Yes, we can sort it out in April.

Best wishes Marion




--------------------------------------------------------------------------------
From: Don Williams <iriedon40@yahoo.com>
To: Marion Barnes <msb1240@yahoo.co.uk>
Sent: Wed, 12 January, 2011 0:48:50
Subject: Re: Timeshare in London

Marion, I wanted to know if when we meet up in April if we can complete the transaction at that point.  You can deliver the confirmation paperwork, and we will make final payment in us currency on that day.  Especially since you are coming to the US  we can easily meet up.  I hope this is satisfactory to you and by that time you will be sure of what unit we will be occupying.  I hope this is acceptable to you, if not please let me know.

We are happy that she had a safe flight, additionally, Kelly said she had some websites for us to check out flights to London. Is it better to land at Heathrow or Gatwick and which one is closer to the Allen House.

I just wanted to make sure that the check-in is Sunday July 3, 2011 at 3:00pm (can we do an earlier check-in as the flights land around 8:00am or so).  Also, I have read that the front desk is closed on that day.  Additionally, check-out is Sunday July 10, 2011 @ 10:00A.

Thanks again.

Don


----------



## Margariet (Jun 20, 2011)

That's typical for scammers and crooks. They always talk about their private life and children, making you feel like you are on a friendly terms. Always making up excuses, knowing thst they are never gonna pay you back. The address belongs to a cleaning company which I bet has never heard of her. The phone number is only the prefix, not an extension. But do keep publishing every detail about this con woman! Good luck!


----------



## tlwmkw (Jun 20, 2011)

I'm sure she will be using a new alias now that all this information is on the internet, so can anyone give more identifying information about her? (Does she have an English accent?
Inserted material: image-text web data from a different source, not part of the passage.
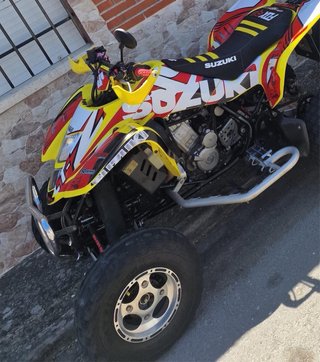 Suzuki LTZ 400 Quad Rojo y Amarillo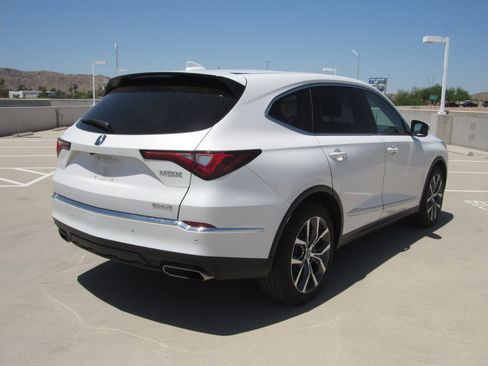 Certified 2024 Acura MDX SH-AWD w/ Technology Package image 5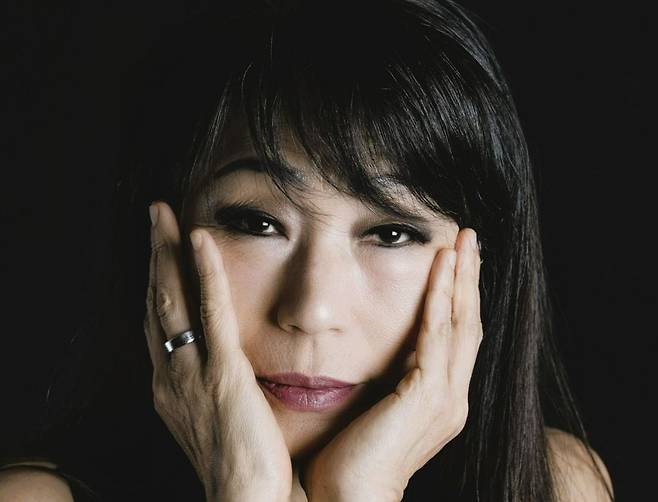 진은숙은 2004년 바이올린 협주곡으로 '작곡계의 노벨상'으로 불리는 그라베마이어 상을 받았고 아놀드 쇤베르크 상, 비후리 시벨리우스 음악상, 뉴욕 필하모닉 크라비스 음악상, 레오니 소닝 음악상을 휩쓸었다. / 사진=구본숙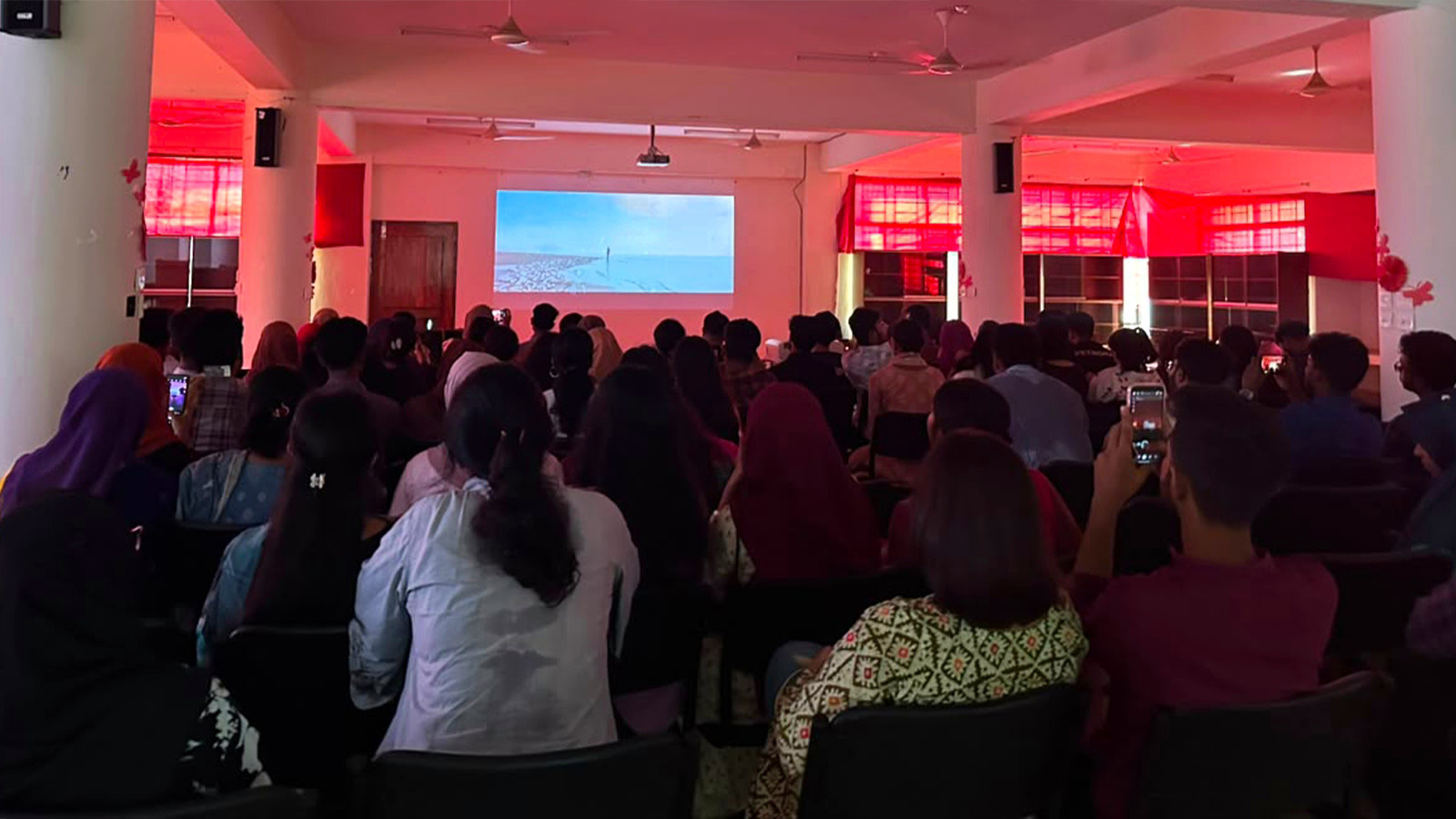 নজরুল বিশ্ববিদ্যালয়ে জীবনানন্দের ‘বনলতা সেন’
Any other information that would give her away?).

thanks, tlwmkw


----------



## Don40 (Jun 20, 2011)

Yes she has an English accent, and said that she once lived in Orlando area, and Sarasota area.

Her daughter Kelly is overweight with long brown hair shoulder length.  Her husband is over weight with bad teeth and said he is a truck driver.  I cannot remember exactly where they said they lived, but it was not very far from the city center as they would visit the London children museum quite often.

I hope this helps some one else from getting scammed.

Don


----------



## carl2591 (Jun 20, 2011)

*[SCAM ALERT!] Marion Barnes (AKA Marion Griffin) Patrick Griffin, Kelly Price,*

[SCAM ALERT!] Marion Barnes (AKA Marion Griffin) Patrick Griffin, Kelly Price, Thomas Verner

typical looking scammer.. overweight with bad teeth. 

adding the name info in title bar gets searched better by google.
I was just adding name info.

she sounds like real scum..

now how long before someone (newbie with 1 post) show up here to tell of the great deal they have done with this scum errr... scam artist..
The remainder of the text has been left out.